If Events here could be restricted to current levels during the day, thus minimising their impact on peaceful uses and enjoyment, we would have fewer qualms.
However, at this stage, we’re very doubtful the Council could resist the temptation to grow footfall and maximise revenue. With an extra 5,000 people repeatedly standing on the same areas of grass at the same time, the likely result would be not only less garden in the truest sense, but substantially more mud for city residents to endure.
On 13 March 2017, at a public meeting hosted by the Cockburn Association, the Ross Development Trust’s David Ellis went into more detail.
Caroline Roussot, covering the event for the Spurtle, still had doubts:
To this correspondent’s mind, observers would have greater confidence in the proposals if RDT could address clearly the following issues:
- We were told that the new concert venue will have a capacity of 2,000 inside, 3,000 seated outside (presumably in some sort of ticketed enclosure) and another 3,000-5,000 standing/milling/lolling on the grass round about.
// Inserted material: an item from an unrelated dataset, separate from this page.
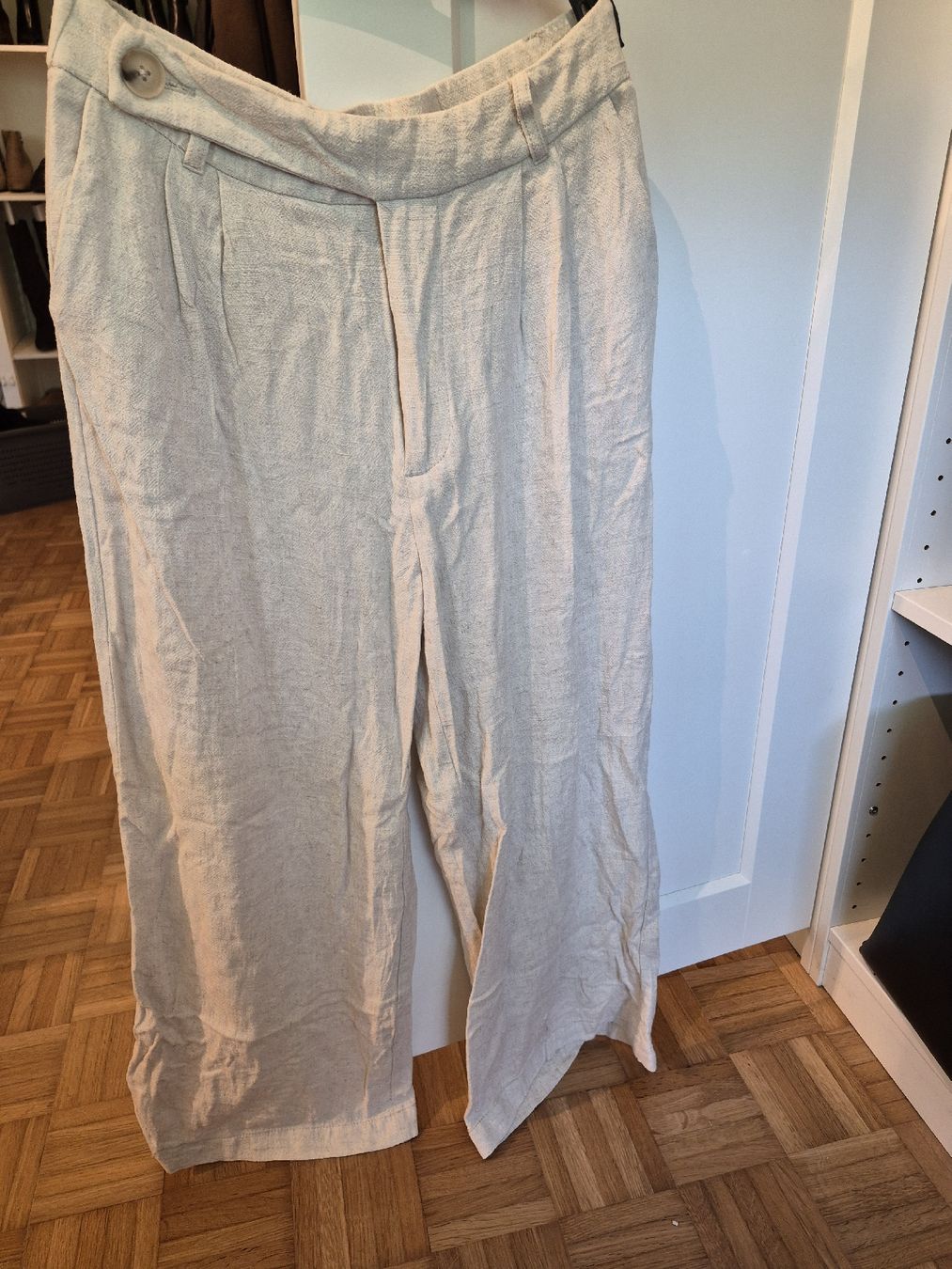 Stradivarius Pantalons: Sommerhose, Beige, Grösse 38 – D'occasion à sissach par maa_57j5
However, the developers were at great pains to assure us that events of this size would only be held a couple of times a year (e.g. end of the Festival and at Hogmanay), and that for the rest of the year the venue would be used for ‘intimate’ small-scale events with an audience of a couple of hundred.
- In addition, the current vehicular access to the site (a narrow bridge capable of bearing 7.5 tons) is to be upgraded sixfold to bear 44 tons. RDT insist that this is not to allow pantechnicons year-round access to the site for large events, but is only to make the Hogmanay set-up easier.
Unfortunately, such assurances still left me feeling uneasy. How will small-scale restrictions be enshrined contractually? Why is such major infrastructure required at all for such occasional use?
That Evening News piece was widely criticised as ‘inaccurate’ and the cause of ‘appalling misunderstandings’.
A senior RDT representative afterwards sought to clarify why potential donors had sought carefully arranged management structures within an arm’s length external organisation (ALEO).
Spurtle understands from a reliable source that this translates as potential donors do not want to see a premium project to which they have contributed subsequently run on a shoestring by politicians and officials financially impelled to extract maximum profit for minimum outlay.
In conclusion, we noted:
Clear rules about who sits on the ALEO’s board are vital. Nobody wants Council stooges like Marketing Edinburgh or footfall-at-any-price entities such as Business Improvement Districts outnumbering or outgunning more locally accountable representatives.
If a fair, balanced, and self-confident board with a clear sense of its priorities could be established, then the ALEO could act as an effective guarantor of the Gardens’ upkeep, and a brake on inappropriate overuse.
Spurtle suspects it would certainly offer a more reliable brake than we could hope for if the venue were run exclusively by City of Edinburgh Council.